Proactive help: one facet of proactive help is preventive diplomacy. You saw that with Kofi Annan in Kenya a couple of years ago. It's important to bear in mind that he was not only putting out a fire but he was already planning with other African leaders longer-term interventions to diminish the likelihood of a recurrence in Kenya, and is regularly meeting with those leaders and the Kenyan leaders.

And you saw that he made an effort to mobilize the business community. We had a terrible time with the business community in the Commission. People like John Whitehead tried very, very hard with distinguished businessmen to mobilize the business community, to use their influence. They said, "We don't do that. We have to keep out of that. We only do economic and financial things, not political things."

So we would ask, "Well, aren't you interested in making money in emerging countries, emerging economies?"

"Yes."

"Well, aren't those emerging economies often in rough neighborhoods?"

"Yes."

"Well, in that case, wouldn't it be helpful to use your influence to try to diminish the risk of explosions before they occur so you can actually make some real money, instead of making some and then losing it, along with precipitating much death and human suffering?"

So, as you saw, Kofi Annan in Kenya tried to help the Kenyan leaders to see both what they could gain by a peaceful route and what they would lose terribly by going down the violent route. That is one of the general principles of preventive diplomacy, and the earlier it is done, the better.

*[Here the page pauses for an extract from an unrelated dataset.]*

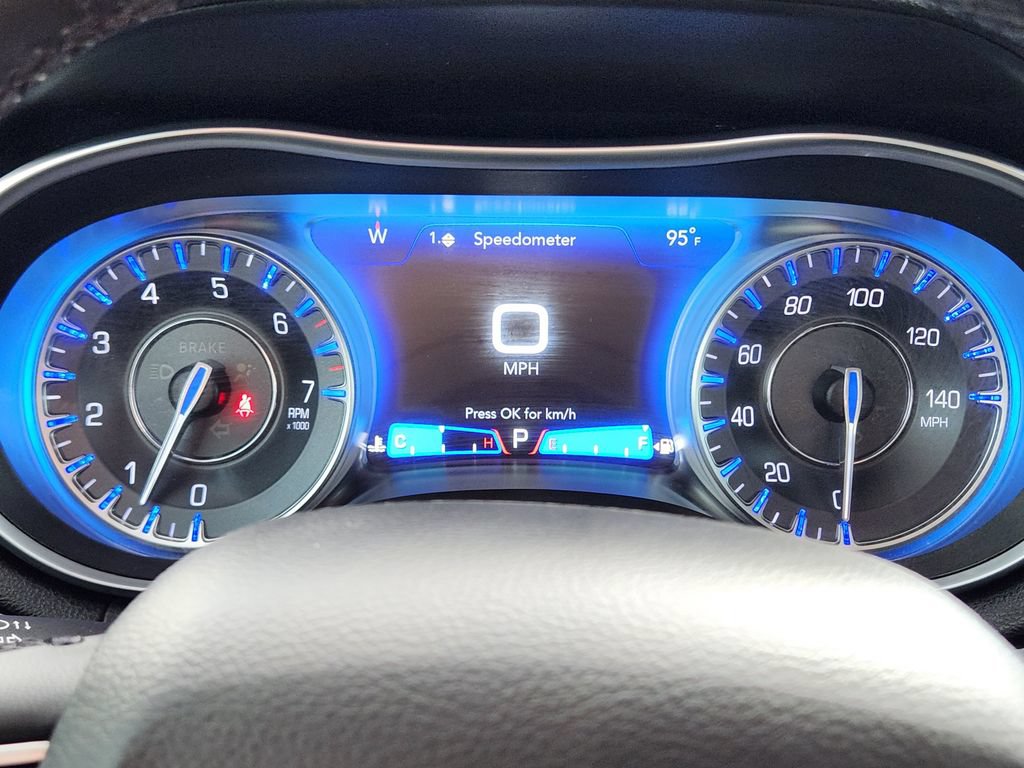 Used 2023 Chrysler 300 Touring w/ Sport Appearance Package RWD image 16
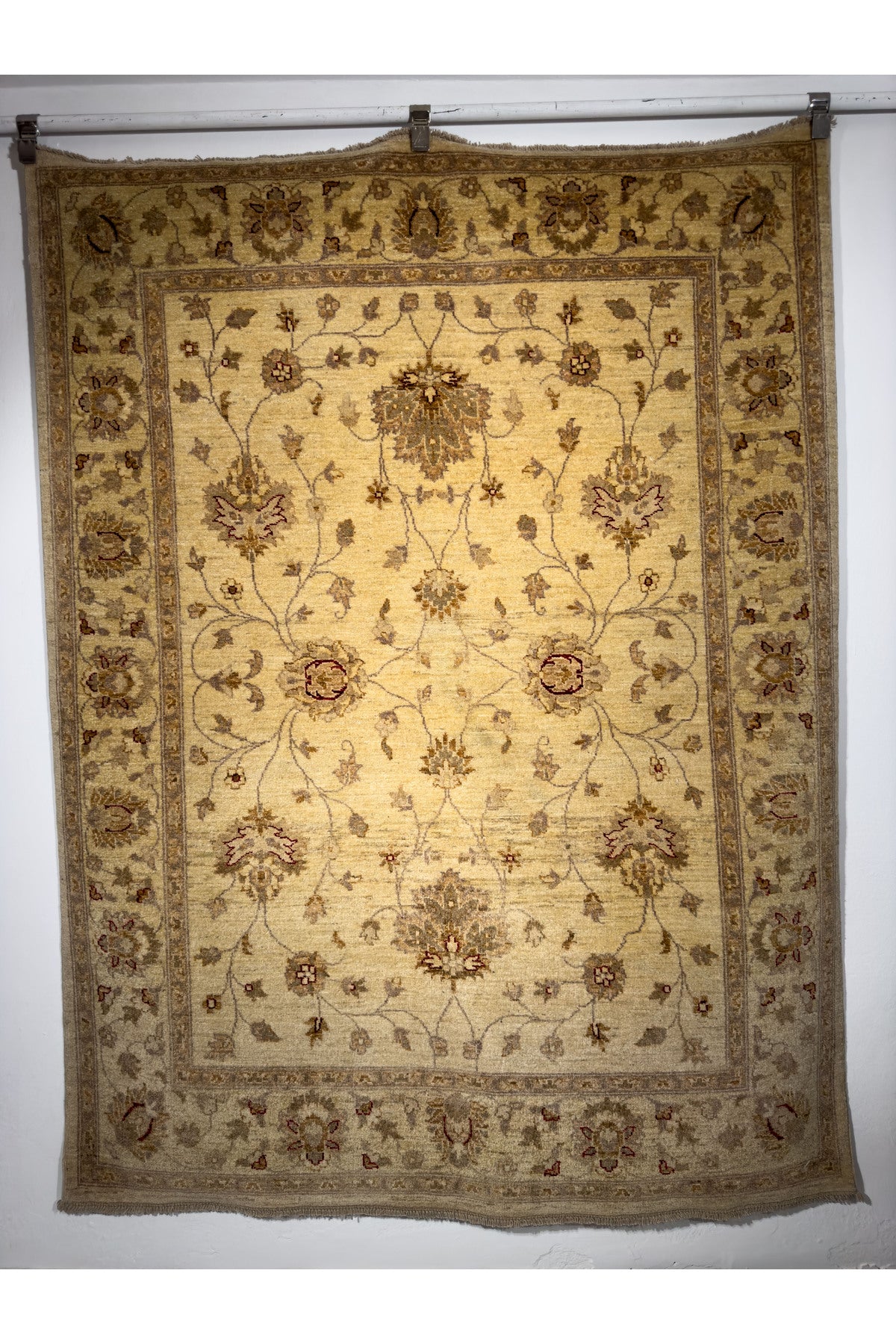ADALI Hand-Woven Usak Rug - %100 Natural, Antialerjik and Magnificent Bir Ev Dekorasyonu Parcasi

Now, you heard several people talking about democracy, and I won't repeat it. But it is enormously important. It is a more general thing. It's democracy and development tied together. It's really equitable—and I emphasize equitable—not 1 percent who are very wealthy and the rest who are very poor.

Equitable democratic development. Much has been learned—partly by brilliant scholars like Amartya Sen and Larry Diamond, partly by terrific practitioners, some of whom are here tonight—much has been learned about building equitable democratic development. If you do that, one of the powerful advantages, as Larry Diamond points out, is that there may be lots of trouble and then there may be regression, as we have had in the United States, as Shirley Williams pointed out, but on the whole democracies protect human rights much better than non-democracies.

They have the capacity to deal with conflicts. They have conflicts, but they have the capacity to stop most conflicts below the threshold of mass violence. That's the point, below the threshold of mass violence. It's not a romantic view, that democracies are perfect or avoid conflict, but they have mechanisms and ideas and people and norms and institutions that can, with considerable probability, keep conflicts below the threshold of mass violence.

You heard a little bit about education. Betty had a terrific statement there. I've mentioned my pride that Morton Deutsch is here tonight, a great pioneer in the theory of research in conflict resolution and the application of those concepts to practice, as in the schools. Both Betty and Morton have done wonderful work in the schools.

I was very active in my Carnegie years, and even before in my Academy years, in pushing hard to improve education in math, science, and technology.

Wonderful. You need that for a prosperous economy. You need that for the intellectual stimulation and the many gains that come from math, science, and technology.

But we have neglected very seriously, you might say, the other half—that is education in conflict resolution, violence prevention, and mutual accommodation. If you can't have that kind of education well absorbed, you are likely to blow sky high sooner or later. Whether we will get out of this century depends on whether we really have a depth of education—not just in schools but throughout the cultures, starting, of course, mainly with the democratic cultures—that we are able to know about and to do conflict resolution and violence prevention and mutual accommodation and learn how to compromise.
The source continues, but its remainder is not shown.